До объявления Германией войны Советскому Союзу, которое случилось в день вероломного нападения, у Генерального штаба ещё были возможности выбирать варианты своего «ответа Гитлеру»: от упреждающего превентивного удара до полномасштабной войны. Сейчас выбора не оставалось, кроме обороны своей страны в расчёте на то, что она, война, может превратиться из молниеносной в затяжную, что приведёт к истощению Германией своих ресурсов и неизбежному краху. Но сколько народа в этом случае подвергнется уничтожению, а территорий опустошению. И Генштаб принял решение сочетать чисто оборонительные бои с наступательными, чтобы не просто уничтожать противника, но и выдворять его со своей территории, продолжив войну за пределами страны. Но задача эта оказалась трудновыполнимой по многим обстоятельствам.

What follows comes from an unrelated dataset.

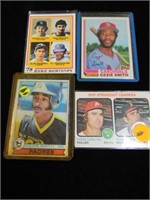 1979 Topps Ozzie Smith,1972 Strikeout Leaders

Из них, прежде всего, следует исключить широковещательные заключения, если не назвать это откровенным враньём, Хрущёва о том, что ранний период Великой Отечественной войны был проигран по вине Сталина, репрессировавшего лучших, талантливых командиров советской армии, которых наследник вождя реабилитировал широким жестом борца за правду, невзирая на их действительно криминальную деятельность. Объективный анализ этой ситуации, которая могла бы повлиять на ход войны, но не существовала в реальности, проведённый Г. И. Герасимовым в статье «Действительное влияние репрессий 1937 – 1938 годов на офицерский корпус РККА» (Российский исторический журнал. 1999. № 1), свидетельствует о прямо противоположном результате. Вот что пишет автор статьи: «Репрессии не наложили, да и не могли наложить из-за незначительности их масштабов по сравнению с общей массой офицерского корпуса, видимого отпечатка на образовательный уровень (командного состава Красной Армии. –
…Больше всего от репрессий пострадал советский генералитет. Как отразились репрессии на образовательном уровне высшего командного состава? Как ни парадоксально, но объективно его уровень вырос. В первой половине 30-х годов доля лиц этой категории, имеющих высшее военное образование, колебалась от 30 до 40 процентов. Перед началом репрессий 29 процентов имело академическое образование, в 1938 году их было уже 38 процентов, а в 1941 году 52 процента военачальников имело высшее военное образование.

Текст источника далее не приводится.